Marty Pack

Board Member

Marty Pack is a philosopher, filmmaker, public health expert, and educator. Ms. Pack is an Intellectual Creative with a vision. Through academic and investigative research, she brings a level of compassion to tell an honest story. Her desire to educate fuels her drive to teach the underlying causes of marginalization.

She combines her academic expertise in humanities with an artistic vision to create educational documentaries exploring the ways in which power is exercised through religious, educational, healthcare, and other institutions.

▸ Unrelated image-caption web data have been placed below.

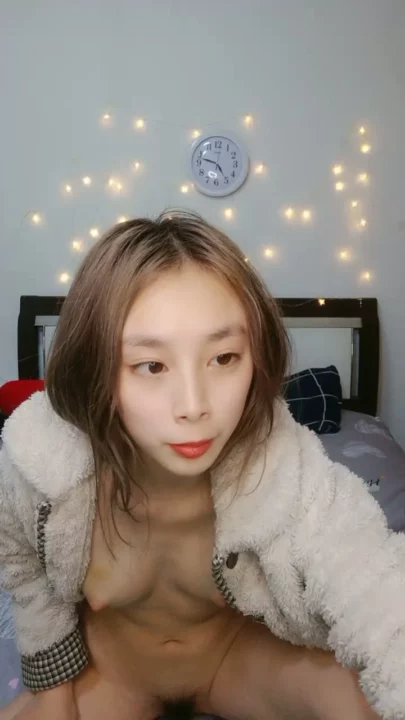Screenshot 8 from Vivi’s Uncensored Face-Shown Encounter — Amateur Asian Escort Meets Interracial Partner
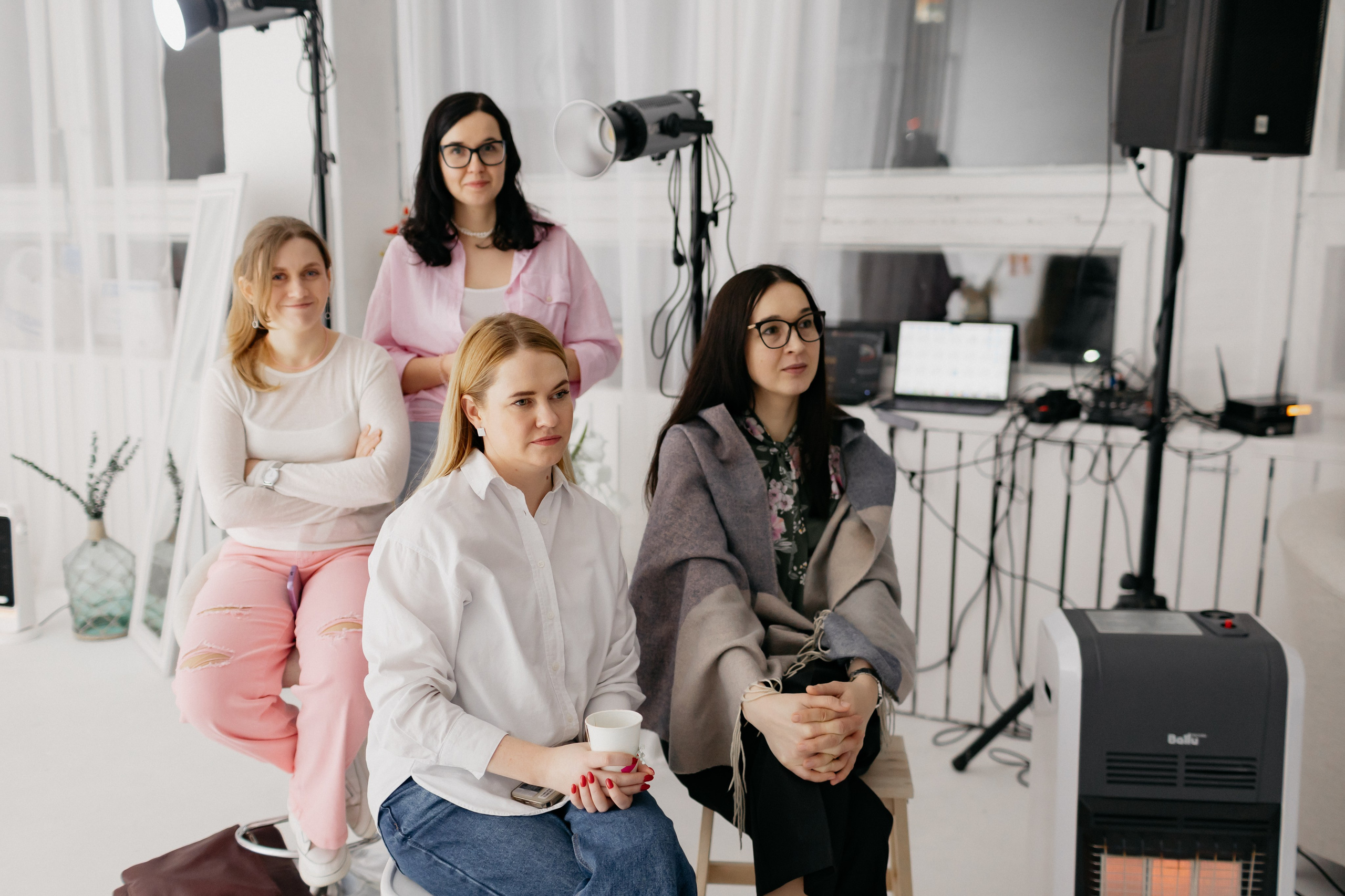 Девичник. Фотостудия «LIGHT ROOM», творческое пространство с полноценной кухонной зоной в Бресте
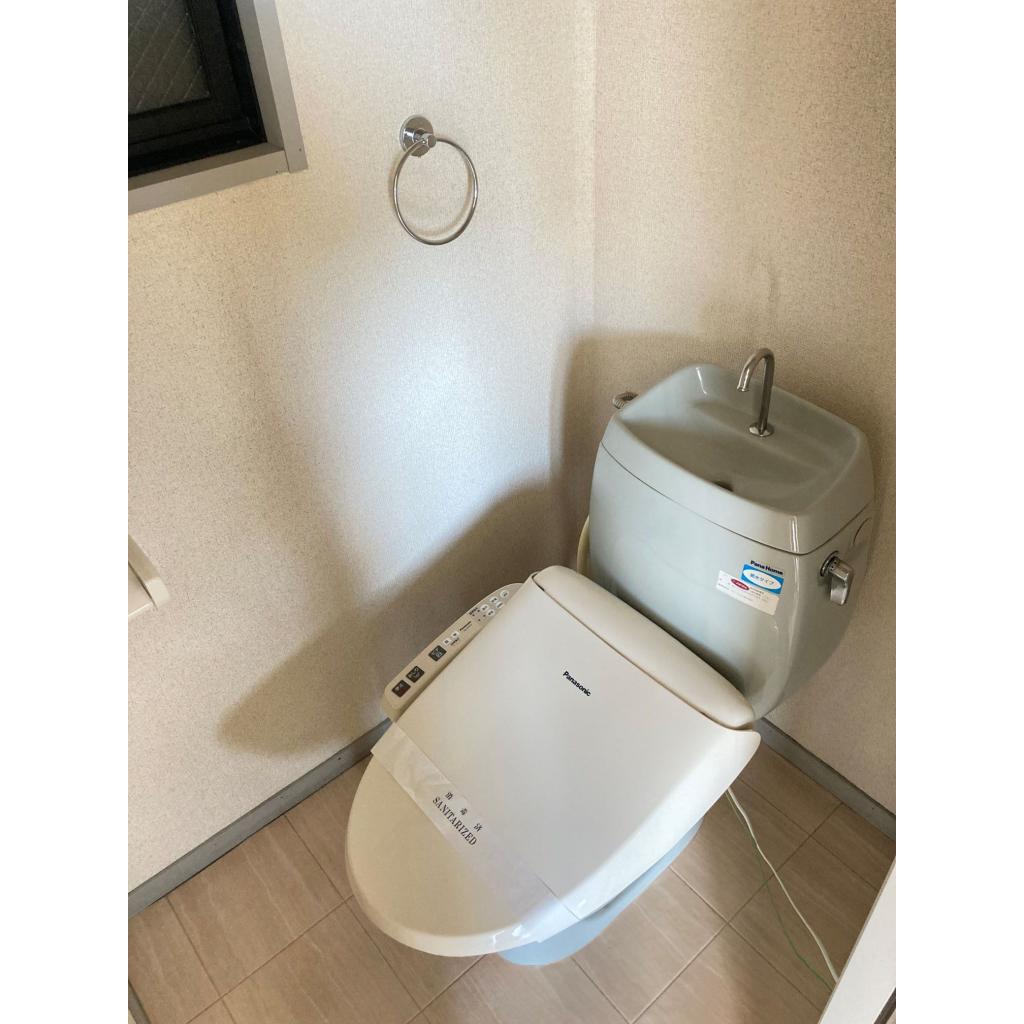 トイレ　コンパクトで使いやすいトイレです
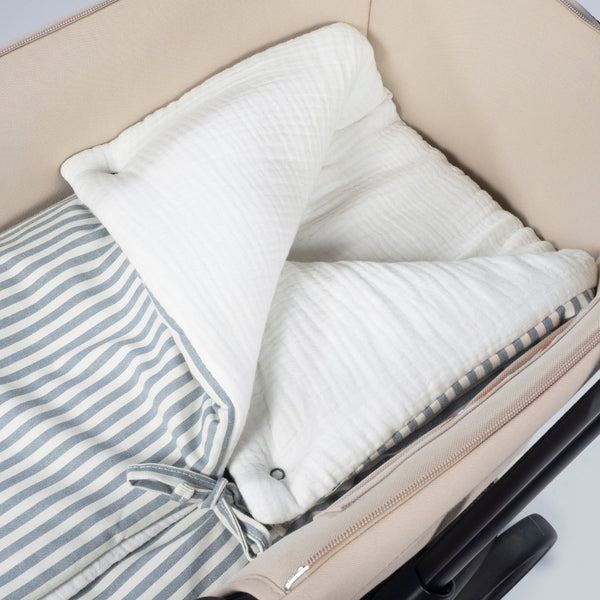 Ninho/Manta Praliné Stripes Walking Mum TOG 2.5 com interior em algodão muselina, ideal para alcofa e utilização como manta de berço desde o nascimento. Verde.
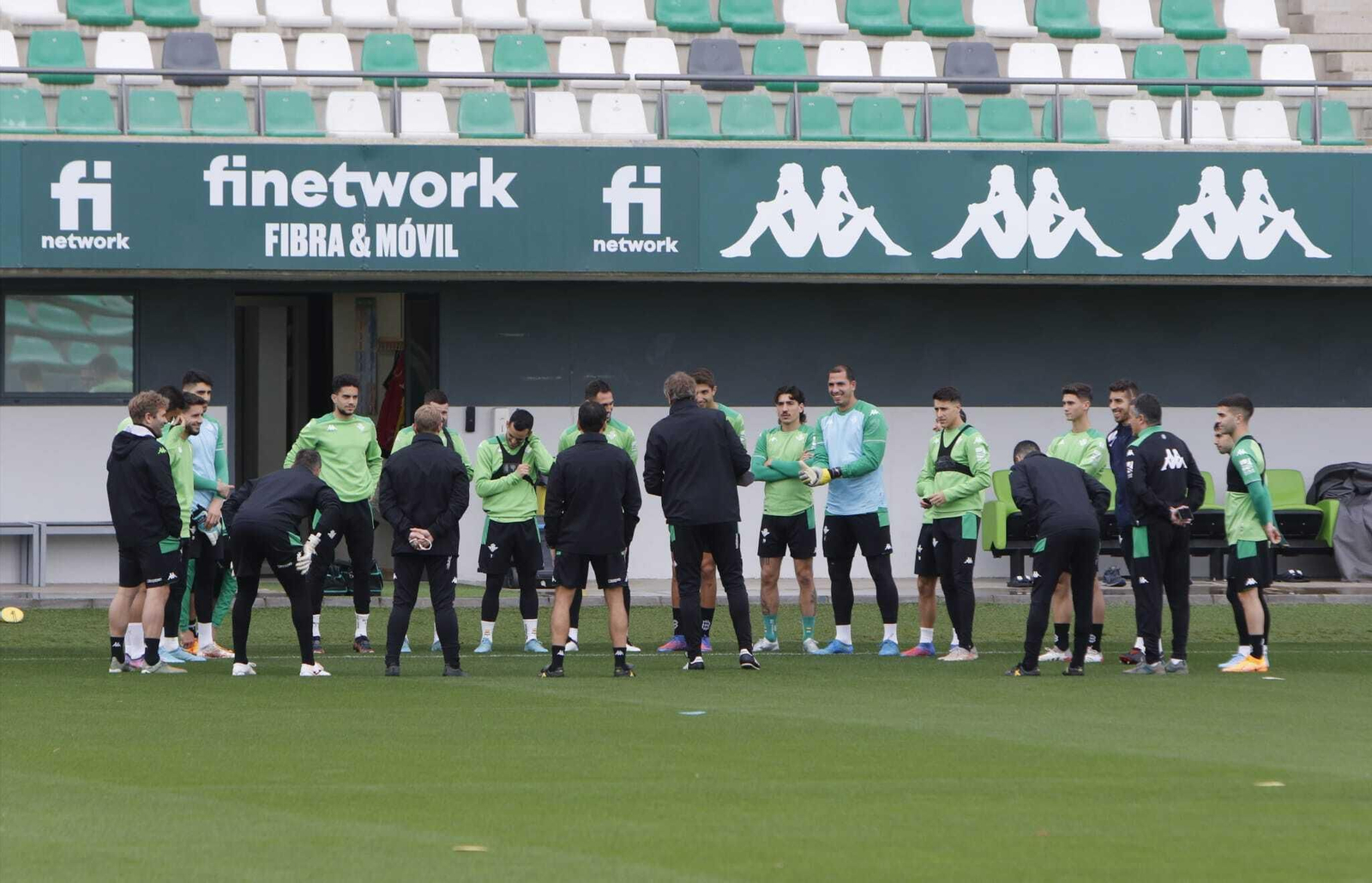 Rubén Cousillas dialoga con los jugadores antes de comenzar el entrenamiento.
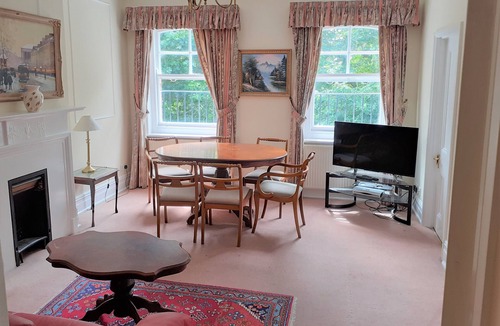 Royal Borough of Kensington and Chelsea Apartment | Apartment, 3 rooms, with 2 bathrooms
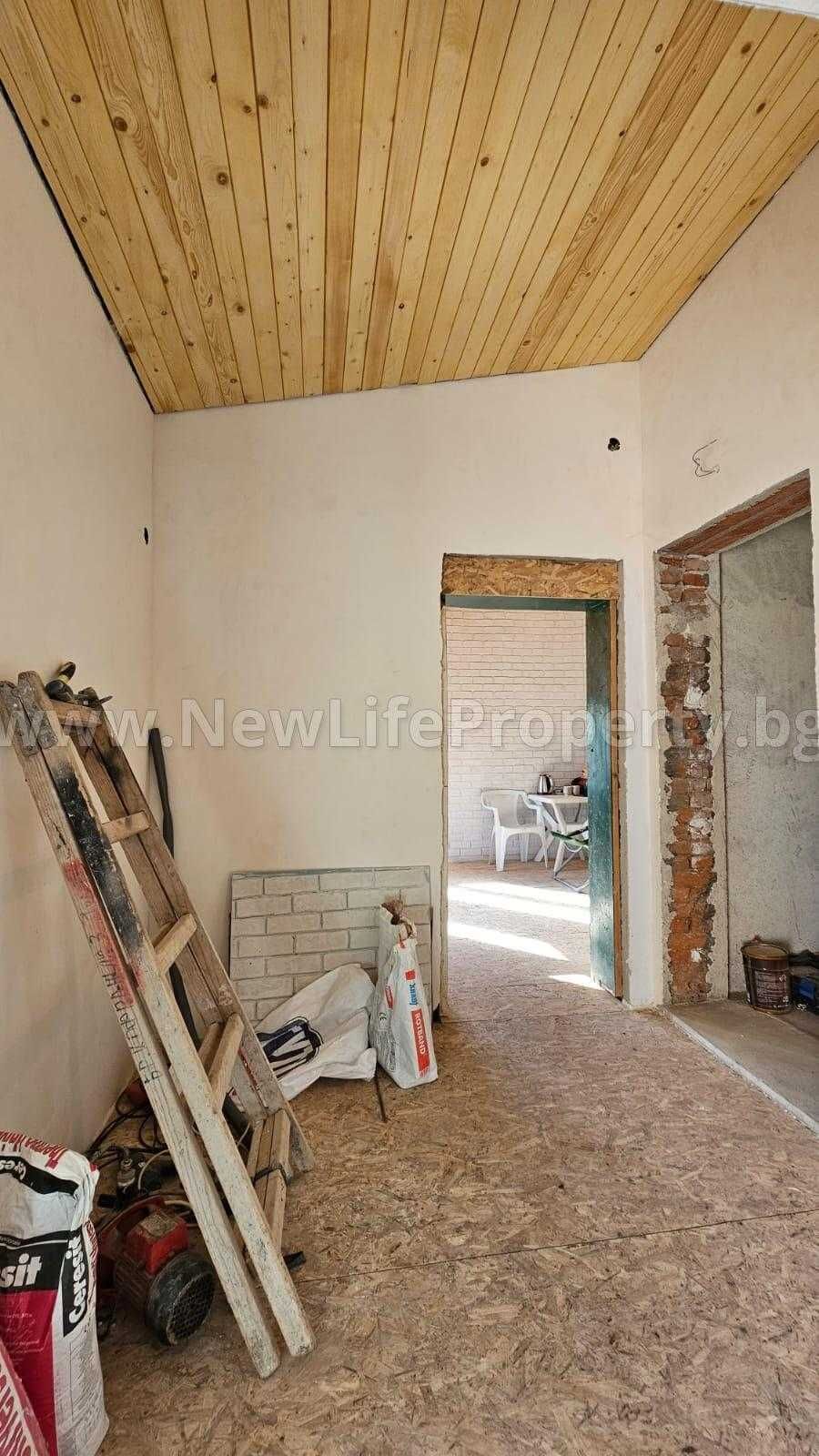 Двуетажна къща на етап реставрация в с. Дебелт, област Бургас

She majored in Women’s Studies for three years before finishing her self-directed degree in Communication/Production through the University Without Walls program at Northeastern Illinois University, graduating Summa Cum Laude. She holds a masters in Political Science with a focus on Philosophy, specifically Hannah Arendt’s work on power and violence. Her current academic focus is on health and Public Administration. Her most loved education was improv at the Second City in Chicago. Women’s Studies and Philosophy are the lenses she has used in her academic and film careers to push humanities work forward.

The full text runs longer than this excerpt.